If I were to call you an addict, I doubt you’d take it as a compliment. Addicts are nasty people. They steal, they cheat and lay unconscious in the gutter, oblivious to the world around them. Am I right? Yet, in the sense I will use that word in this book, you probably are an addict.

You probably wouldn’t be too keen on me describing you as having a mental illness either. But according to the latest statistics, if you are standing in a room with four other Australians, one of you currently has a mental illness such as anxiety or depression, and two and half of you will, at some point in your life. It is even worse for younger people. More than one in four people aged 16–24 currently suffer a mental disorder. Between 2005 and 2019, depression in the US in people under 25, the age group most easily addicted, increased by 73 per cent. One in eight US teens is depressed and twice that many suffer from anxiety. The Australian statistics are similar. Those numbers tell us that every family is in some way dealing with mental illness.

This is a book about how addiction, anxiety and depression are all part of the same spectrum. It is a book about mental health but it is not an attempt to explore the vast universe of mental illness; just a very important part of the equation. It is a detailed look at the way seesawing dopamine, caused by stress, uncertainty and addictive behaviours (smoking, drinking, gambling, screen use, eating sugar and many more) create imbalances in our brains. This in turn causes anxiety and depression. This matters a lot because it is rapidly creating an epidemic of mental illness the likes of which we have never before experienced. If we do not stop it, it will have disastrous consequences for each of us and our communities.
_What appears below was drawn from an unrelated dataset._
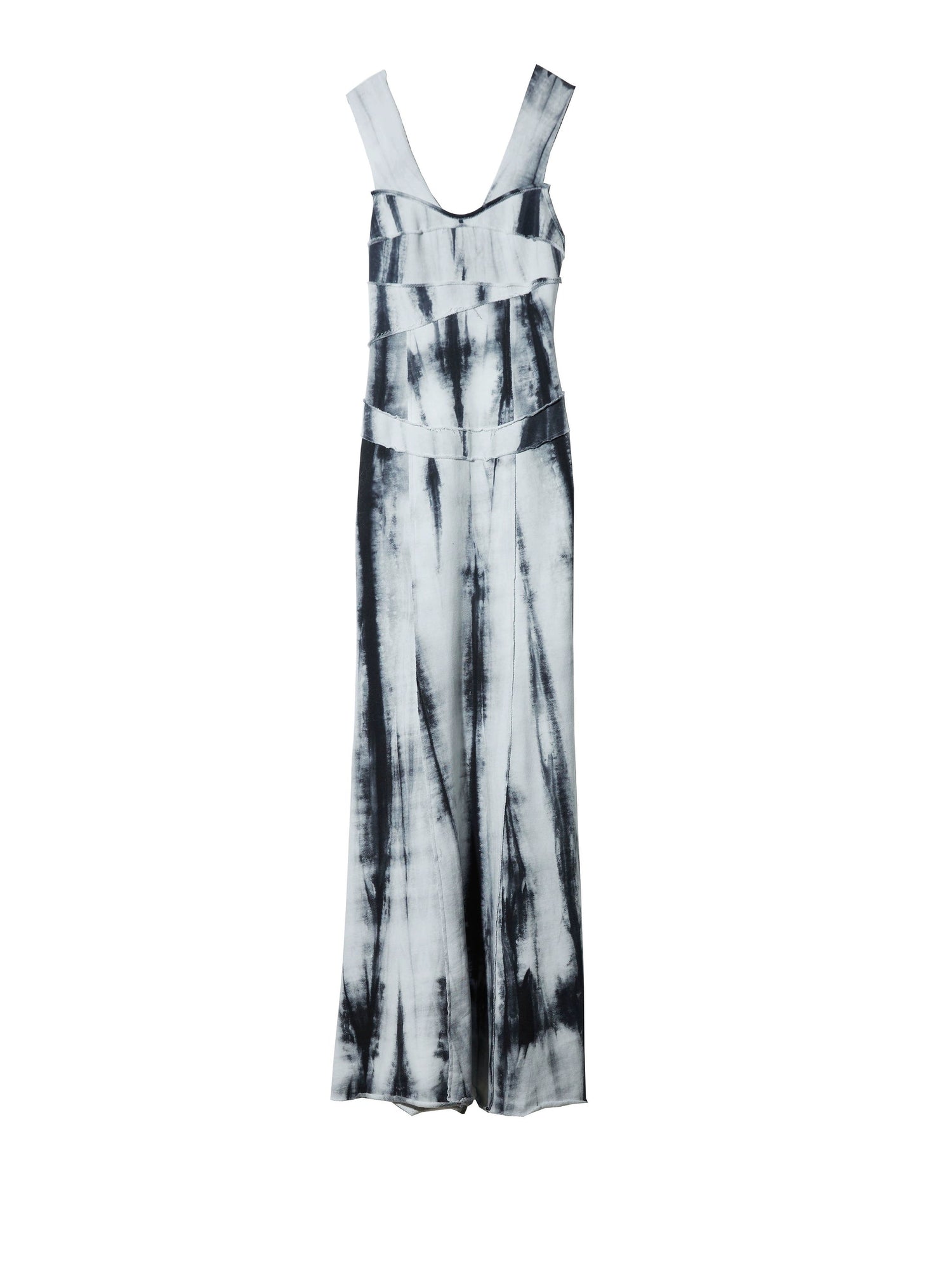 Tie-Dye Slim Strap Maxi Robe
This is not to say that addiction or stress causes all mental illness. Like all human disease states, there is an underlying level. The power of sexual reproduction continuously recombining our DNA is that every one of us has a different propensity to any given disease to the person next to us. Some people can drink 50 cans of Coke a day and live to 127. Some people put on 400 kg merely by reading the word ‘Coke’ in the preceding sentence. We are all different. What we can say with confidence is certain factors take disease states from background noise into population-wide epidemics. That’s what sugar consumption did for type 2 diabetes when it went from a non-disease in the 70s to affecting one in ten of us now. And it is what addiction and stress is doing to our mental health.

I am not a doctor. I am a researcher. I write about evidence with the singular motivation of providing you (and me) with information that helps us make better choices about our health. I firmly believe that knowledge gives us the power to change our lives for the better. There are many very large, very rich companies making very good money out of keeping that knowledge from us and keeping us addicted.

Because I have no relevant qualifications, I really have to know my stuff. I am very aware that my lack of formal training in the area means anything I say is open to criticism. This is how it should be, but this important reality forces my research to be more thorough, my references more current and my conclusions more defensible. My outsider’s view allows me to connect silos of knowledge where the evidence says it is necessary. The only relevant skill I bring to the table is knowing nothing about the area. This means I can’t accept a fact until I see the evidence. I can’t operate on the basis of ‘this is what my lecturer told me’ or ‘this is what everyone knows to be true’. Everything you are about to read is referenced. You can read all of it in the original journals. It is all there for everyone to see, but nobody is laying it out for us ordinary people in a way that makes any sense.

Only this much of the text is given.